Surely the election officials knew in April that Kenyon College was strongly liberal, and Nazerene College was conservative. Why the misallocation?

Explanation please, Mr. Manjoo?


Manjoo's dismissal of statistical evidence is absurd. Because a paraphrase of Manjoo's treatment of statistical proof may appear too outlandish to be believable, a direct quotation is in order.

As for Freeman's 660,000 to 1 statistic [of the improbability of random error], it is irrelevant... The statistic measures the probability that the errors in Pennsylvania, Ohio and Florida occurred due to chance or random error, and according to Freeman, that probability is very low. But nobody argues the errors happened by chance.

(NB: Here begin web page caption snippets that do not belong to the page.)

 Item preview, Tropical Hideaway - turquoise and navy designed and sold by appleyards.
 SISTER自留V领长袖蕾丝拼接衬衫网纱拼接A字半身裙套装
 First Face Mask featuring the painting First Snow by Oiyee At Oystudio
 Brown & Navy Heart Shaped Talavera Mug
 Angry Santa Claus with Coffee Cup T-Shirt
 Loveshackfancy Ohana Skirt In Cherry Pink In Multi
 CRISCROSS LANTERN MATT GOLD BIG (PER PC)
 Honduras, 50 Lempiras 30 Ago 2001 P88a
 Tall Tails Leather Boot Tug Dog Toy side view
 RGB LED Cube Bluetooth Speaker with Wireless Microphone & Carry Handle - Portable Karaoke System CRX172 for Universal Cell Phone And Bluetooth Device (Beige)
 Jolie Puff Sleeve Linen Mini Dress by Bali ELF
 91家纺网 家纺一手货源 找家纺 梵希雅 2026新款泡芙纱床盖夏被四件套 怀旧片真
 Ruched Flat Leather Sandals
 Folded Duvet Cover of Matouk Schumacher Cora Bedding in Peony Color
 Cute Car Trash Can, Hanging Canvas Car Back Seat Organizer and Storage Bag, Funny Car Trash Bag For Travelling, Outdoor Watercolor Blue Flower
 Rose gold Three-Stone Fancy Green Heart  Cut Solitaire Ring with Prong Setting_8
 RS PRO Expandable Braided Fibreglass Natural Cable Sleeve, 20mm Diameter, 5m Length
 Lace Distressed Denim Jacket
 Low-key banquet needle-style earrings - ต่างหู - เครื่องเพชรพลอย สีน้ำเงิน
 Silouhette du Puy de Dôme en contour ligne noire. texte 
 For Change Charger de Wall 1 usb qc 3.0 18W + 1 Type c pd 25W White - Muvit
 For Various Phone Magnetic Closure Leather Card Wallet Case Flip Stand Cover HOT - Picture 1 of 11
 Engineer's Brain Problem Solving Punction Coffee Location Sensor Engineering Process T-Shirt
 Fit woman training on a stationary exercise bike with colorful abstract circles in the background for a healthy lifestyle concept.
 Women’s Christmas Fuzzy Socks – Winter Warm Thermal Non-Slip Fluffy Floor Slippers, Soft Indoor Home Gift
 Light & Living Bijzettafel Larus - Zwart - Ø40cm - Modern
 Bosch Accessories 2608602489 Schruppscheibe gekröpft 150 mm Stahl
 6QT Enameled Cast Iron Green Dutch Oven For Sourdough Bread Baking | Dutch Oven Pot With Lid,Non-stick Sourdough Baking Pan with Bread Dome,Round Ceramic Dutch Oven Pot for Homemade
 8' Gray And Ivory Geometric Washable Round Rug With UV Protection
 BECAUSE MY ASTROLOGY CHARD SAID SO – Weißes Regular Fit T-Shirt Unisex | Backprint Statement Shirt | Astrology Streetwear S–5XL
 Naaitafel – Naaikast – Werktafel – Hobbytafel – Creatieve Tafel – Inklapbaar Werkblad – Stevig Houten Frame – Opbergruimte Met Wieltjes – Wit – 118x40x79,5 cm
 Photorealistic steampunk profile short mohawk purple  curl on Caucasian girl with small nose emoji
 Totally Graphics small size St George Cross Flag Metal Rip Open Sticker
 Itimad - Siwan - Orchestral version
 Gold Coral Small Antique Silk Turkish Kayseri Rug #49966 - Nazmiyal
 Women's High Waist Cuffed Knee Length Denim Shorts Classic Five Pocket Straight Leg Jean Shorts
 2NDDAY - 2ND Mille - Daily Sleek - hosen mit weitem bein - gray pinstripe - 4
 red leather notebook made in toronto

Everyone in the exit poll debate agrees that there was a systematic cause for the errors in the poll. Freeman, Kennedy, et al., claim that the systematic cause was fraud, while Mitofsky and many in the polling community claim the cause was a problem with the poll. So Freeman's argument that it would take preposterous odds to produce a random sampling error is a straw-man assertion. [My emphases, EP]


Of course "nobody argues the errors happened by chance"! Freeman's whole point is that chance error is in effect impossible. But that doesn't make the statistic "irrelevant" or the argument "a straw man." On the contrary, the statistic, and the entailed "impossibility," is central to Freeman's argument.

Is Manjoo really so foolish as to believe this nonsense? I doubt it, for he is obviously a bright fellow. But he apparently hopes that his readers are fools. Well, not all of us are.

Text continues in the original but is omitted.